The overall market sentiment has been bearish lately, with many stocks down as much as 20%-70%. Although it's been a tough time lately for investors in U.S. stocks, it's important to keep in mind that volatility is an inevitable part of investing—and that a long-term investment strategy can provide a degree of insulation against the perils of emotion, impulse, and even potential regret in future years.
You may be asking yourself: What is market volatility anyway? One way to describe market volatility is the intensity and frequency of an asset's or market's price movements. The wider the trading ranges and price swings are, the more volatile the market environment is. Volatility gets a bad rap, as the term is often associated with sharp, accelerated downward price movements in a market. But sharp price increases equate to volatility, too.
Currently, major U.S. stock indexes are battling a higher interest rate environment, soaring inflation, war, supply chain issues, and more. All of this has culminated in accelerated downward price movements.
Here's how investors can mitigate the impact of this volatility:
- Being prepared - focus on diversification and creating a balanced portfolio, both of which can help minimize the short-term impacts of downside market volatility. A balanced portfolio may consist of securities such as: growth stocks, dividend-paying stocks, defensive stocks, (like utility companies and consumer staple stocks), bonds, cash, commodities and precious metals.
- Identifying opportunities - As unsettling as downward price volatility on assets can be, it can create opportunities for select long-term investors with certain risk tolerances and time horizons. Dollar-cost averaging is another strategy that many investors employ during times of discounted asset prices—adding to holdings, that have long-term growth potential, as prices move lower.
- Staying the course - Ultimately, it's important to keep in mind that, in most cases, long-term investing can trump short-term market trading over time.
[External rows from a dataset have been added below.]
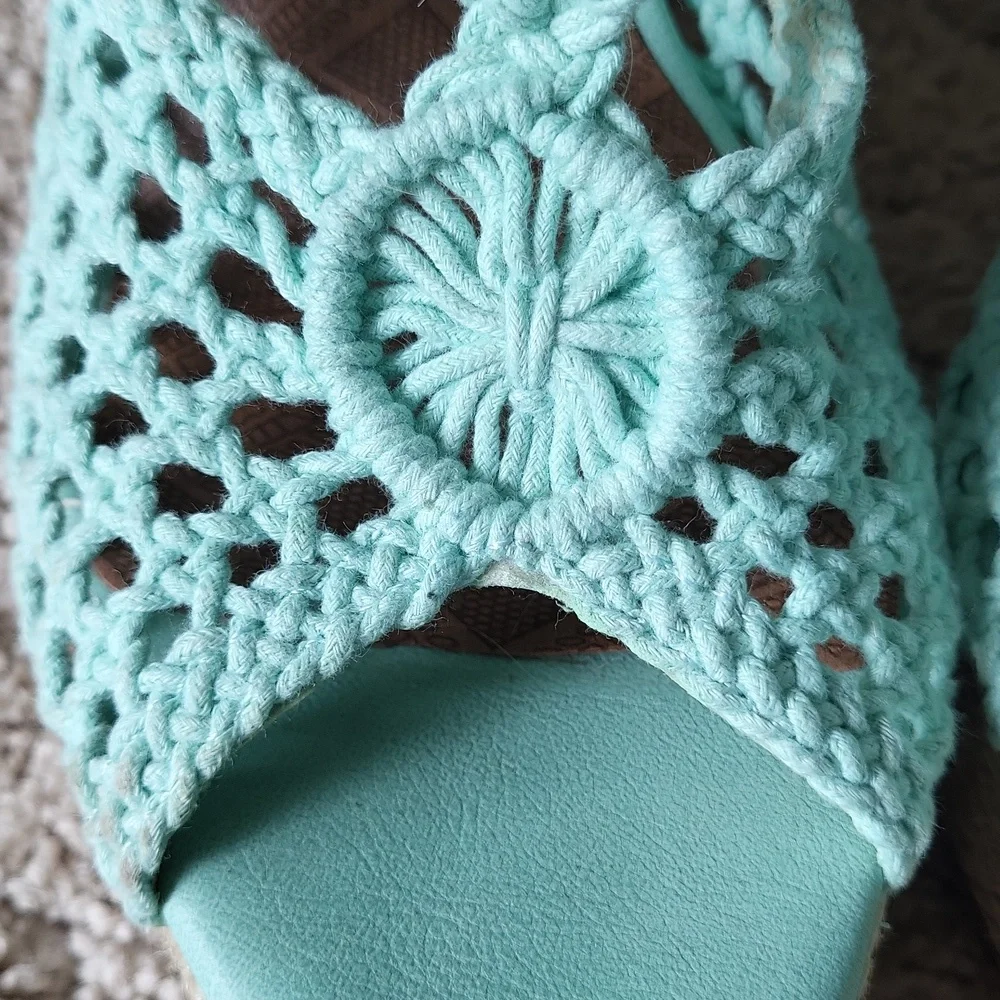 Mint Green Crochet Wedges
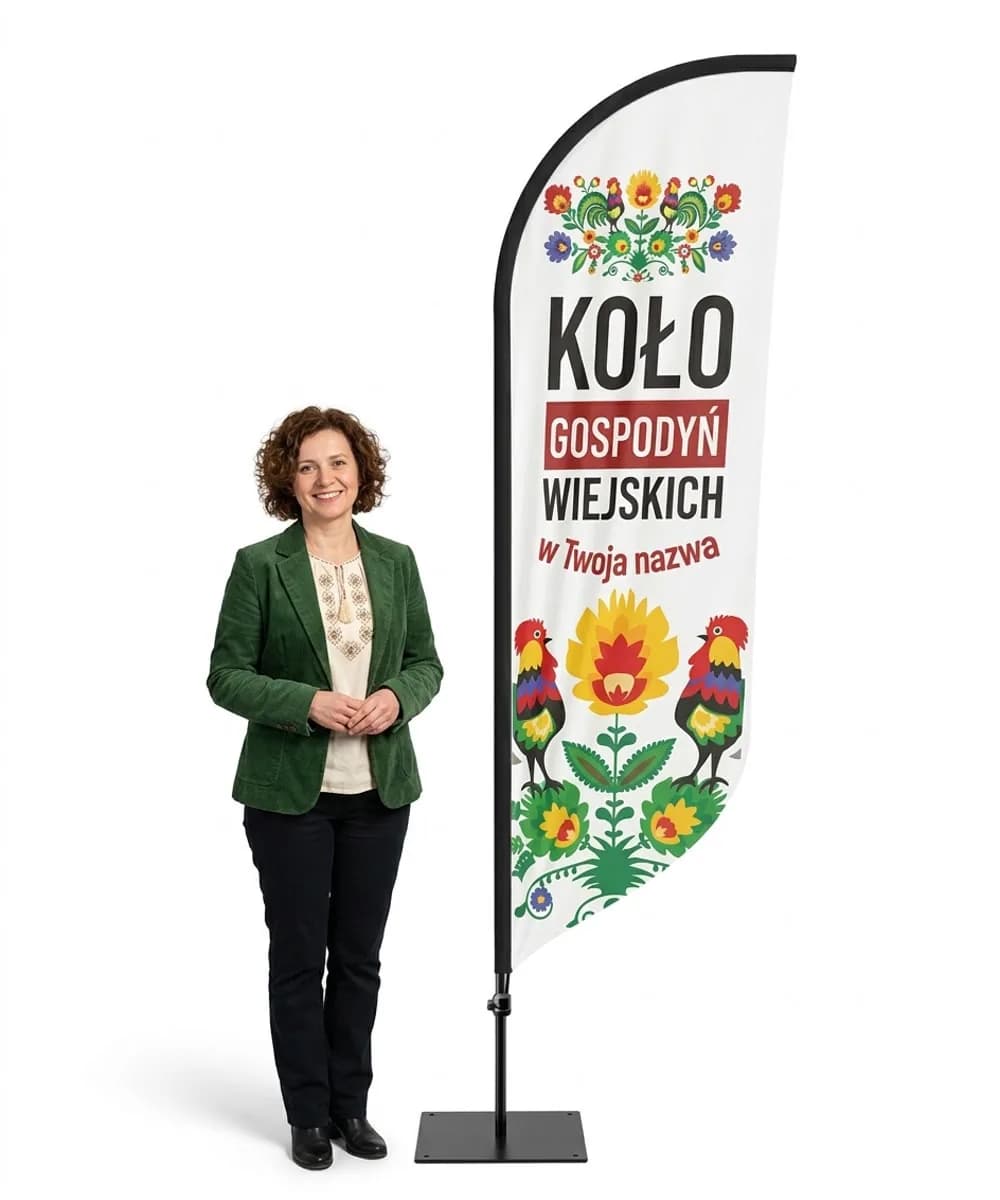 Reklamná vlajka Winder – Spolok vidieckych žien reklama KGW – vzor 2 – konfigurovateľná súprava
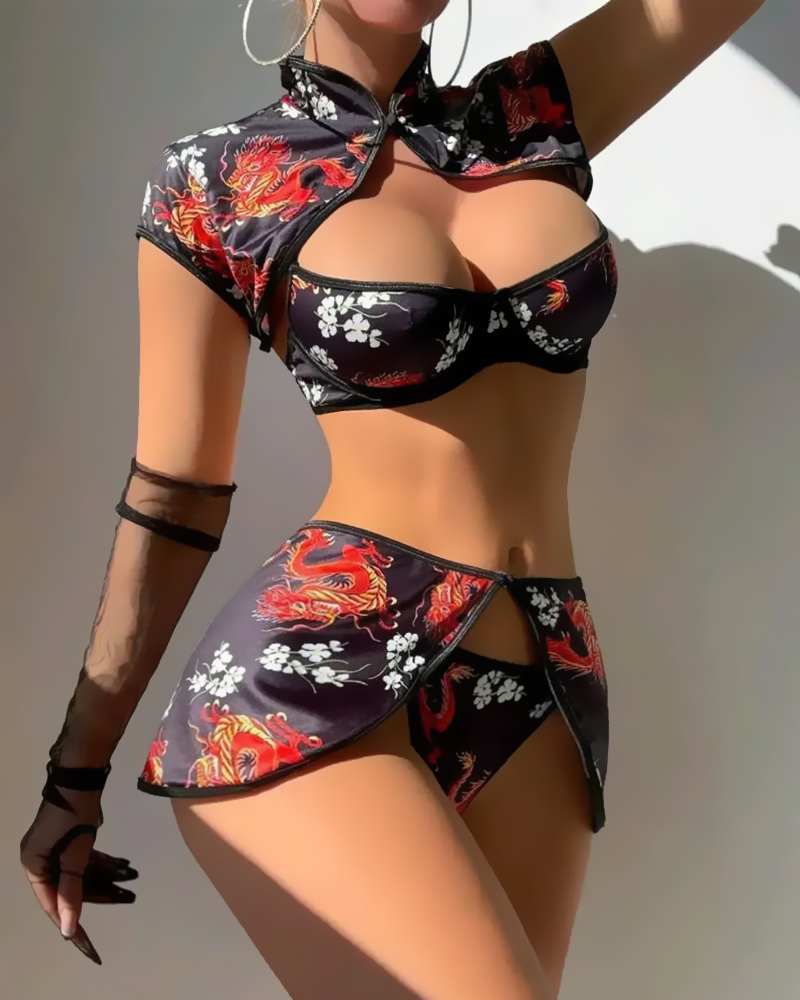 Sexy Vintage Chinese Print Sheer Cut-Out Lingerie Set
Although, if you don't have a long-term investing horizon, then you should re-evaluate your risk tolerance and make the necessary adjustments within your portfolio, which may include reducing your exposure to market risk.
If you are uncertain on what steps you should take with your investment portfolio, reach out to a seasoned investment advisor and make a well-thought-out plan.
Market volatility can be unsettling, but it's critical to remain mindful of the long-range game while keeping in mind that volatility is an inevitable component of market cycles and long-term investing. Patience and discipline are key in times like these.